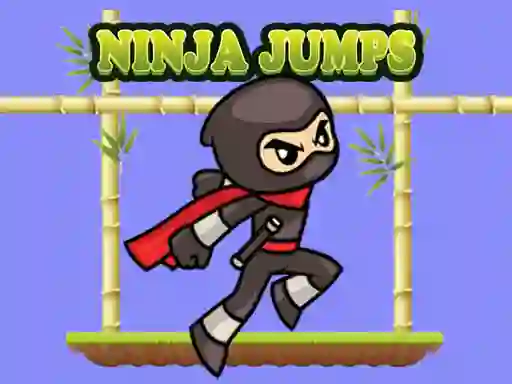 Spill Ninja Jumps online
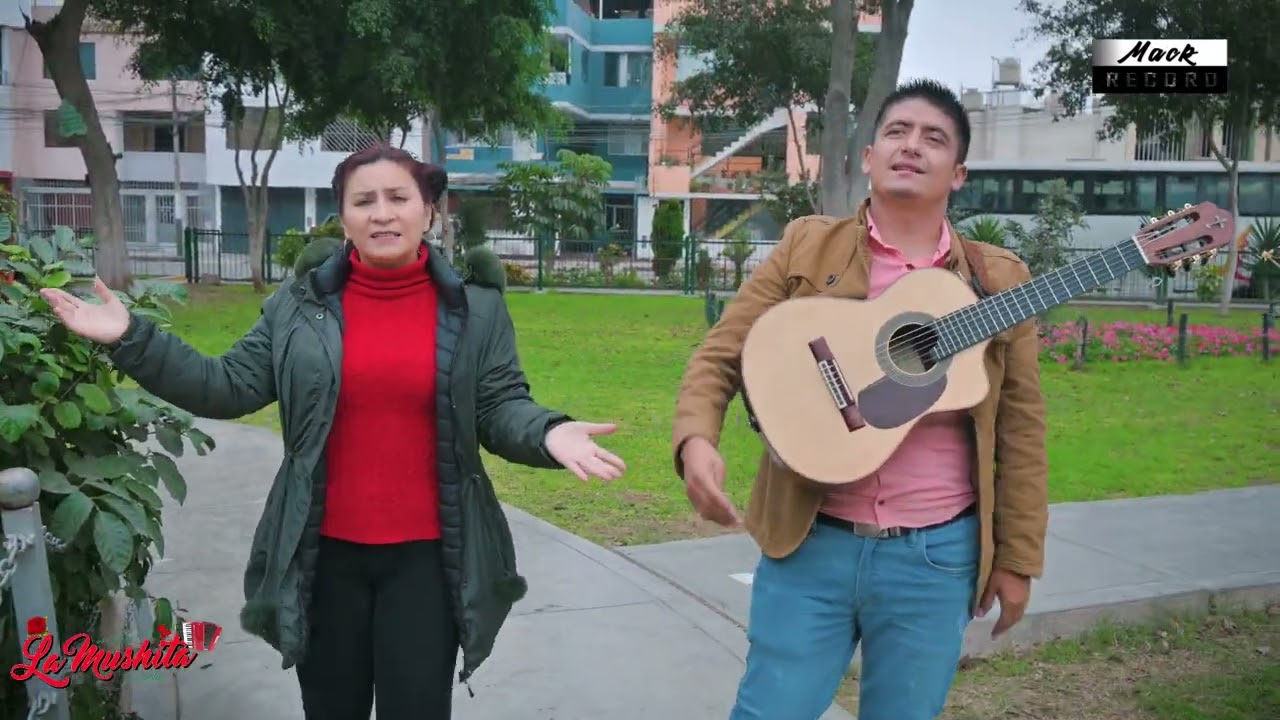 Me dices que ya te vas - La Mushita y El Lobito 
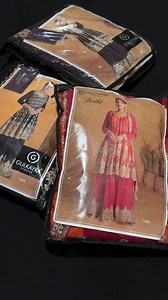 200 reactions · 11 comments | GULKAYRA Designer Dress Collections Party wear Shararah Suit Fabric : Pure Chinon Silk Long : 40” Body : 46” Free Size Sleeves : 21“ Full Sleeves Bottom : Pure Chinon Silk Length : 40” free size Dupatta : Pure chinon Silk Made in India Price : 7000/- Each All over embroidery work and sequence work | Laxmi Sareez | Facebook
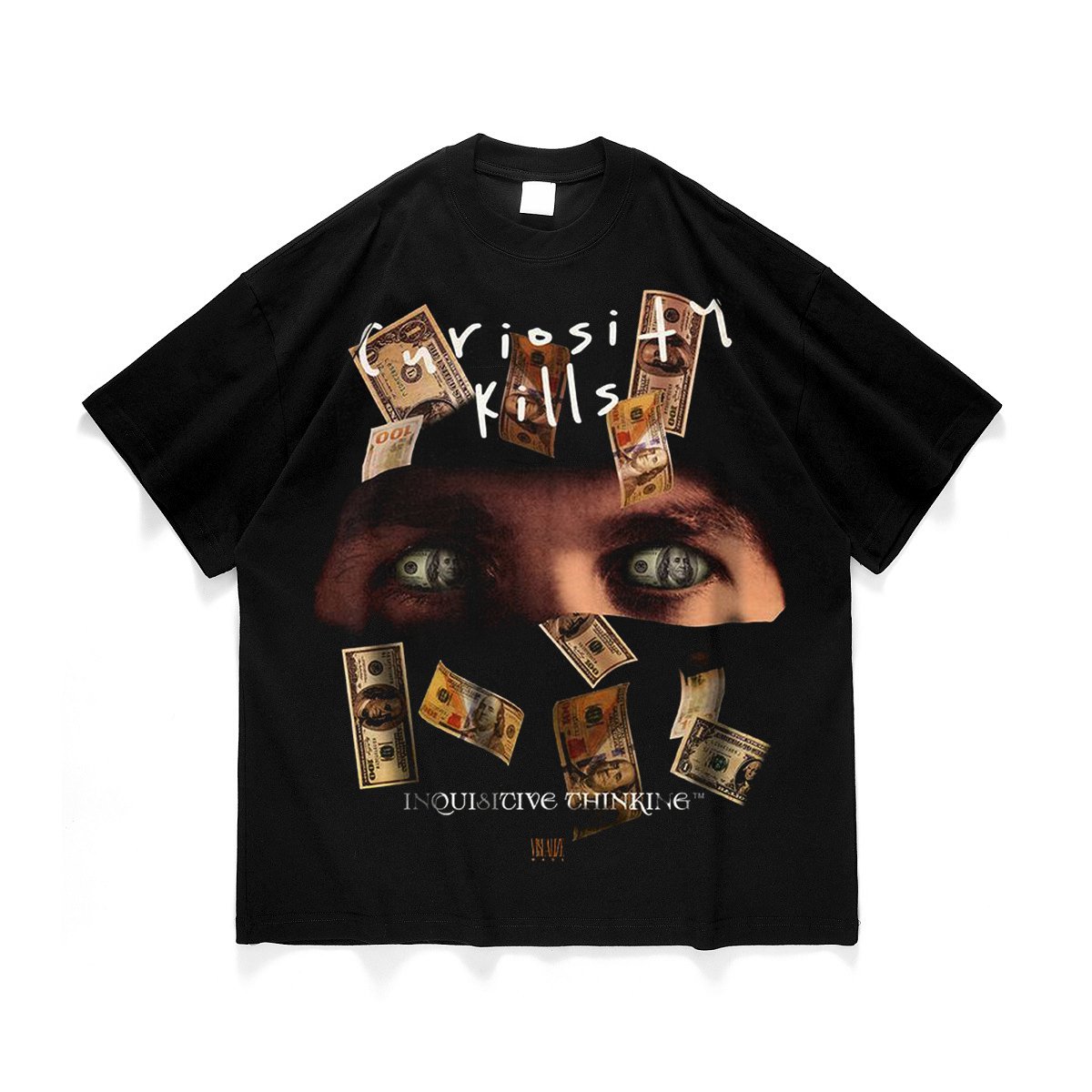 Curiosity Kills Print T-Shirt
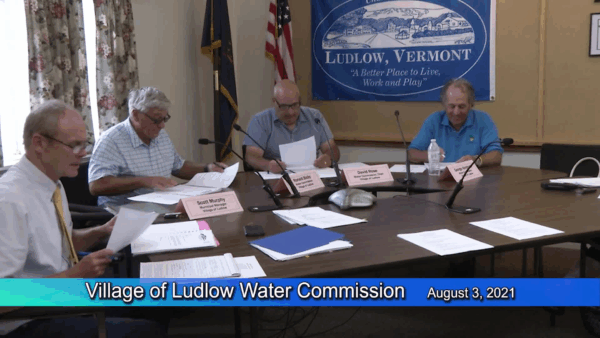 Village of Ludlow Water Commission 8/3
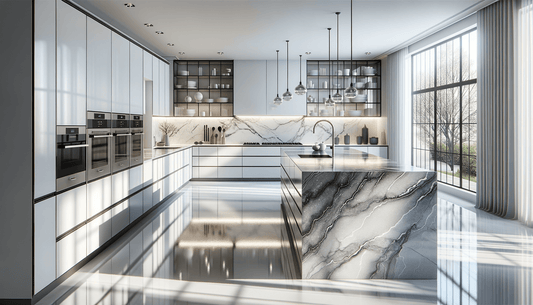 Elevate Surfaces with Dekton Halo Gloss for Lasting Impact - Zicana Boutique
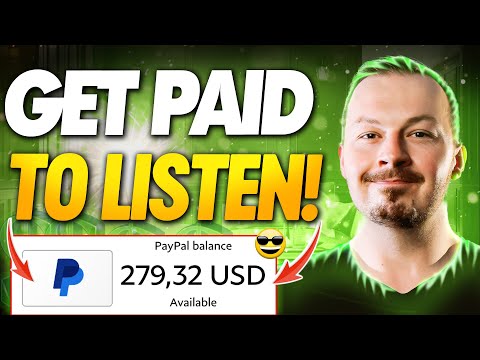 Get Paid +$250.00 Per Day JUST By Listening To MUSIC! | Make Money Online 2023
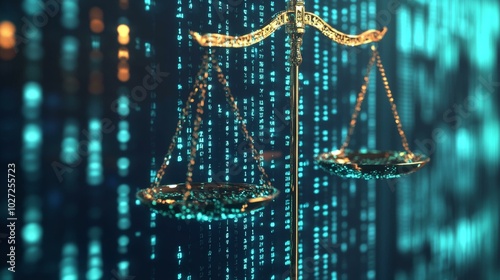 Exploring the Intersection of Justice and Technology: The Scales of Justice in a Digital Age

What the exercise asks: Each record must be set down again without alteration, and no picture may be carried over.

Solution for this task:
 Spill Ninja Jumps online
 Me dices que ya te vas - La Mushita y El Lobito 
 200 reactions · 11 comments | GULKAYRA Designer Dress Collections Party wear Shararah Suit Fabric : Pure Chinon Silk Long : 40” Body : 46” Free Size Sleeves : 21“ Full Sleeves Bottom : Pure Chinon Silk Length : 40” free size Dupatta : Pure chinon Silk Made in India Price : 7000/- Each All over embroidery work and sequence work | Laxmi Sareez | Facebook
 Curiosity Kills Print T-Shirt
 Village of Ludlow Water Commission 8/3
 Elevate Surfaces with Dekton Halo Gloss for Lasting Impact - Zicana Boutique
 Get Paid +$250.00 Per Day JUST By Listening To MUSIC! | Make Money Online 2023
 Exploring the Intersection of Justice and Technology: The Scales of Justice in a Digital Age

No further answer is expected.